Film & TV

Review: Finding Dory

Finding Dory

For me, what was perhaps the most remarkable thing about Finding Dory was that its story flowed so effortlessly without the need of a villain. Like its previous instalment – Finding Nemo – the sole focus of the film were the characters and their predicament, which was interesting enough to make you forget the lack of a villain in the first place. Out of all the Pixar films I have seen (13 of the 17 feature length films released: the other 4 being The Good Dinosaur, Monsters University and the two Cars films) this is quite novel. Those who have seen the film may split hairs with regard to a fluorescent and beaked creature that Nemo and his father, Marlin, encounter. However, I’d think it would be more appropriate to count that particular creature as (at best) a minor-character; or merely, antagonist.

Undoubtedly, Finding Dory is one of the best family film sequels. In the Pixar canon it is probably not as good as Toy Story 2 but it’s certainly just as good as its previous instalment.  And at no point did I feel that Pixar made the film for any other reason than they had a story to tell. A simple story: it follows Marlin and his son as they try to find and rescue Dory who, in the process, is also trying to find her parents. The majority of the film is technically devoted to Dory’s search for her parents but then again ‘Finding Dory’s parents’ doesn’t have quite the same ring to it.

Finding Dory

Along the way Dory befriends many characters. All of whom manifest from Pixar’s attempt to both expand their roster of animated maritime animals and to capitalise on talent from TV: from Saturday Night Live fame we have Bill Hader and Kate McKinnon play a married couple of Kelp Bass; from It’s always sunny in Philadelphia we have Kaitlin Olson playing a whale shark; and from Modern Family we have both Ty Burrell playing a beluga whale and Ed O’Neill play a seven-tentacled octopus. O’Neill is by far the best new character. He plays a seemingly self-interested and street-smart curmudgeon who only helps Dory out of a quid pro quo arrangement.
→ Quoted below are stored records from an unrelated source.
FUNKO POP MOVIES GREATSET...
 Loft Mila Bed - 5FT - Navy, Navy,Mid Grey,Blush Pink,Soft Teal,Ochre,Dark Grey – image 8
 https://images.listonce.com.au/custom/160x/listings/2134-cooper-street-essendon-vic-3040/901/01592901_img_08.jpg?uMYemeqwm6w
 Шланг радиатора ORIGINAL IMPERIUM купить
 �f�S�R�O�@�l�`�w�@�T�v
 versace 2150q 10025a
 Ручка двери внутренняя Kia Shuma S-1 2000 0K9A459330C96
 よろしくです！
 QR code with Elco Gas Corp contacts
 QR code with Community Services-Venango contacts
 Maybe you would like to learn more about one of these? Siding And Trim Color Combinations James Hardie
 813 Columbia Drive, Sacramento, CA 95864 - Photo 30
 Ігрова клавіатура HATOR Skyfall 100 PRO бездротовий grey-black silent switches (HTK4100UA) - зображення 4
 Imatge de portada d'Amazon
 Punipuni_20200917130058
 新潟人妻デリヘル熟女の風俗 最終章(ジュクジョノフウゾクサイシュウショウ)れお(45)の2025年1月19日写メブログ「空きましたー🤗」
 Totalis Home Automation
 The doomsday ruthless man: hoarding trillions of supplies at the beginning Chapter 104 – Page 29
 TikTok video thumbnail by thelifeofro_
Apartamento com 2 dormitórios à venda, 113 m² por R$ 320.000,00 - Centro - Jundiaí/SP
Aside from the film itself, I would just like to warn/remind those who, like myself, seldom do watch family films at the cinema that children don’t know when to shut up. The film trailers for family films also tend to be quite irritating so in that regard I recommend you shouldn’t worry too much if you’re late to the cinema. Of course, then again, I’m not the target audience so there we are. Anyway, aside from all of that, if you haven’t already seen it I’d highly recommend that you go and watch Finding Dory with your boyfriend or girlfriend. And! (I almost forgot) also try and watch the short film before Finding Dory: ‘Piper’, which was infinitely better than the preceding family film trailers.